**YOUR INSTRUCTIONS**
Your answer is one number, how many lines in the entries include "Audi".

**SOURCE MATERIAL**
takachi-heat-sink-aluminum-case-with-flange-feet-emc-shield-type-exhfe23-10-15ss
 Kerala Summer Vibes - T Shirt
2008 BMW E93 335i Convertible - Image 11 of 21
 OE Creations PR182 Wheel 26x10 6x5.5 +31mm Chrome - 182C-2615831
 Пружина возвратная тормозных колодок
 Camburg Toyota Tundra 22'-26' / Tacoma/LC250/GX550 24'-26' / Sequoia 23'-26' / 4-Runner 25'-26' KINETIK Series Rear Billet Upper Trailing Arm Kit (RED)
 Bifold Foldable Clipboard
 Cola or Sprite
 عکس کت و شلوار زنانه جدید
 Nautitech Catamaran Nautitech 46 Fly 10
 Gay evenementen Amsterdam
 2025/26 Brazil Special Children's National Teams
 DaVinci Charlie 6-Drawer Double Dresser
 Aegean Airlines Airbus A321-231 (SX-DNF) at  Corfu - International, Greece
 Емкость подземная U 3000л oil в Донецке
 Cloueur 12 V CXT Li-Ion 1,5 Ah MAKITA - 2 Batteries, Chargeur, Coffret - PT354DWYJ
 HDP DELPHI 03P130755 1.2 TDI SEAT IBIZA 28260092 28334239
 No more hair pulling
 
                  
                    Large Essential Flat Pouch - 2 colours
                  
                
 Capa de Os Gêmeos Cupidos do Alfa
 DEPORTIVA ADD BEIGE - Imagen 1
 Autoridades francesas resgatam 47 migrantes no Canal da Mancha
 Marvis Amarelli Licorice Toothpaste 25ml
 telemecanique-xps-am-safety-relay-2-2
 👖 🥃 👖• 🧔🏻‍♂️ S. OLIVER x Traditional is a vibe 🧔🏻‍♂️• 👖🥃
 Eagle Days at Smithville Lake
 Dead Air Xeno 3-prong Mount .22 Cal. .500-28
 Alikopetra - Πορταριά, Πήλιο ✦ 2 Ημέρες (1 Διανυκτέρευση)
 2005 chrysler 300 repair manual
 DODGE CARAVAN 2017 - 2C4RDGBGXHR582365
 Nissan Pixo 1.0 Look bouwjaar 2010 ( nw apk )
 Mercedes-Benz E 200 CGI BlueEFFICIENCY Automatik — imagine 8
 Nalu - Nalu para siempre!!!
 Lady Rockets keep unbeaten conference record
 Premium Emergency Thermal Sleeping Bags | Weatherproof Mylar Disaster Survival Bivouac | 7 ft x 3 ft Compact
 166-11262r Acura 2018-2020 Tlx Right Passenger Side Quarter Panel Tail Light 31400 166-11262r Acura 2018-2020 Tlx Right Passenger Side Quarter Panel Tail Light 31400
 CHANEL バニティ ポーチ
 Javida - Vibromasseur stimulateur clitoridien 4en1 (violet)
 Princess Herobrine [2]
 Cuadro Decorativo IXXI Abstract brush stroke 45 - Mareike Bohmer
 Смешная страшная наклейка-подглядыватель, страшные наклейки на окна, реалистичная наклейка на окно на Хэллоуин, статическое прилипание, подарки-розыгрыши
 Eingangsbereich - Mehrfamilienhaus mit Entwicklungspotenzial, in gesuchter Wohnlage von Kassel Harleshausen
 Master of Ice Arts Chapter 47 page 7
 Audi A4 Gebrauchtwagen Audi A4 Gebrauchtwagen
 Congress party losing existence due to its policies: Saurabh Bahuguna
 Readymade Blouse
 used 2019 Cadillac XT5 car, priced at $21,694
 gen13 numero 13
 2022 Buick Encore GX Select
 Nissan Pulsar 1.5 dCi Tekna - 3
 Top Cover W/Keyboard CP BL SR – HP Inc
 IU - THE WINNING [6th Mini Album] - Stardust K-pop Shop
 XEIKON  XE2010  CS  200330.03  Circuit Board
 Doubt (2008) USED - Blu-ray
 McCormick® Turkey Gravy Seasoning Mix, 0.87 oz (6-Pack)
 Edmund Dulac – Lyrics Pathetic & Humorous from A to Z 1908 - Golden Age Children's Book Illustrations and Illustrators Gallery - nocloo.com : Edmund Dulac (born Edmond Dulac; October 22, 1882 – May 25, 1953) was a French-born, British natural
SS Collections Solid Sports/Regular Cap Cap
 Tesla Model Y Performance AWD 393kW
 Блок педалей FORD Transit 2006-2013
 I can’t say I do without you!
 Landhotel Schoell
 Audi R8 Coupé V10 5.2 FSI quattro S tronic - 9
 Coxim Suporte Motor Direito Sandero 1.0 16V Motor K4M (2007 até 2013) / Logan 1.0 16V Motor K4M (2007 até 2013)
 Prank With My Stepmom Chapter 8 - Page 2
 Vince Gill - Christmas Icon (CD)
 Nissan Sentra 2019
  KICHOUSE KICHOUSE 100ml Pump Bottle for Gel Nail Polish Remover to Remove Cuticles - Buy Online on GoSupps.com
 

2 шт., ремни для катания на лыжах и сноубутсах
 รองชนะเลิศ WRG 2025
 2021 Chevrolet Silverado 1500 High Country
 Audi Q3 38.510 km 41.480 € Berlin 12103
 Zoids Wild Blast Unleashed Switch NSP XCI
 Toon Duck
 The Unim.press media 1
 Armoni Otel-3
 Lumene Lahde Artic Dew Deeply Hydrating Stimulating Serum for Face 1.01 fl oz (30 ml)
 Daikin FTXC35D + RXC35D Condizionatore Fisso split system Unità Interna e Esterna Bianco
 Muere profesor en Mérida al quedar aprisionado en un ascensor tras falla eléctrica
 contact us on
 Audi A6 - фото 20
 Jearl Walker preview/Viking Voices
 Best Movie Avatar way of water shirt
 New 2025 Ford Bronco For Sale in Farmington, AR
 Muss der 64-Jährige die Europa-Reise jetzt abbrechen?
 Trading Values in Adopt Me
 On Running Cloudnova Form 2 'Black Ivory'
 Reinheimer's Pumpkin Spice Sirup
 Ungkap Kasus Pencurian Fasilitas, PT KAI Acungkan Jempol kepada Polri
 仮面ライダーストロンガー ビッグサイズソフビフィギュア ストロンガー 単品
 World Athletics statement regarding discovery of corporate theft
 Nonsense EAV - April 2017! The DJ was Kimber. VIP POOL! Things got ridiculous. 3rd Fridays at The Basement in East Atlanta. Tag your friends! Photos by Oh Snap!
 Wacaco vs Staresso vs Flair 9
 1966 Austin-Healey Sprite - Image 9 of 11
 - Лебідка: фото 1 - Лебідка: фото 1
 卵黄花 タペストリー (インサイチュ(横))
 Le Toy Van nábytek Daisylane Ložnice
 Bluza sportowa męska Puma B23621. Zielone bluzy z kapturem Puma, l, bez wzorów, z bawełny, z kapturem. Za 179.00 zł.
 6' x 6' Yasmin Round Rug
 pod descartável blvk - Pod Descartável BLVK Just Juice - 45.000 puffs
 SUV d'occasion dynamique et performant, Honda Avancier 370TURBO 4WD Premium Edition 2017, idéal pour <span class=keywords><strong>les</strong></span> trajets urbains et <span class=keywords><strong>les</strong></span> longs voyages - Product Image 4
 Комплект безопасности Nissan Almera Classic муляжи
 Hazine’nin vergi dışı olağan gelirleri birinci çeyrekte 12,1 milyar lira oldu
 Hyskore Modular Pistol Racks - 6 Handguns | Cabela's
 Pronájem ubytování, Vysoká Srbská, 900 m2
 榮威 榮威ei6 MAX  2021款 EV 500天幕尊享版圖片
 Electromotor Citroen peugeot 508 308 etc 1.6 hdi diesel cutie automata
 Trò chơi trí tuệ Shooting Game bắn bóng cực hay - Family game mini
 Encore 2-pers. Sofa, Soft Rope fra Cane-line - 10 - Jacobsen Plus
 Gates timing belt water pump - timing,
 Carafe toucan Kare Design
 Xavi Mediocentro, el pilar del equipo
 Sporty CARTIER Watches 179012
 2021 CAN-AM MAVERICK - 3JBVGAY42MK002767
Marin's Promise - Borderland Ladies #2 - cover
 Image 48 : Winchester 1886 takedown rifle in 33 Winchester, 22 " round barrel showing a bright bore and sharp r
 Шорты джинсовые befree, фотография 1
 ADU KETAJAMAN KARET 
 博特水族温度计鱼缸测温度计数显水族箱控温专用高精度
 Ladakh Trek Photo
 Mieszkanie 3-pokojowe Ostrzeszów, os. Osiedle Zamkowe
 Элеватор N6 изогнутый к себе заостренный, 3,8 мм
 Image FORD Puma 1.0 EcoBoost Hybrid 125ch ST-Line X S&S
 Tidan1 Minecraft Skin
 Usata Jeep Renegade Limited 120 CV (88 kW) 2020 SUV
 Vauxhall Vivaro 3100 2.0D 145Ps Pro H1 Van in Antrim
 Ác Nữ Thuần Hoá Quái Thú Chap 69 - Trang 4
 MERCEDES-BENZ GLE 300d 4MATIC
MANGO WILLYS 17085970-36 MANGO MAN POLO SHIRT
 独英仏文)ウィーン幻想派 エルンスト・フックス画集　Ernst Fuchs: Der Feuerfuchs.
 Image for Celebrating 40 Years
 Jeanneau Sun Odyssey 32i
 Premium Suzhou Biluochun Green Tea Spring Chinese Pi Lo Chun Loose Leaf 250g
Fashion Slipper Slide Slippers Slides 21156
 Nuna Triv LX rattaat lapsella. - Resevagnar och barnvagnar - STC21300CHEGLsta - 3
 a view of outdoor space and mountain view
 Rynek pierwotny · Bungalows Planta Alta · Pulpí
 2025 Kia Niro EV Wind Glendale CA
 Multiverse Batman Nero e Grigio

**YOUR RESPONSE**
4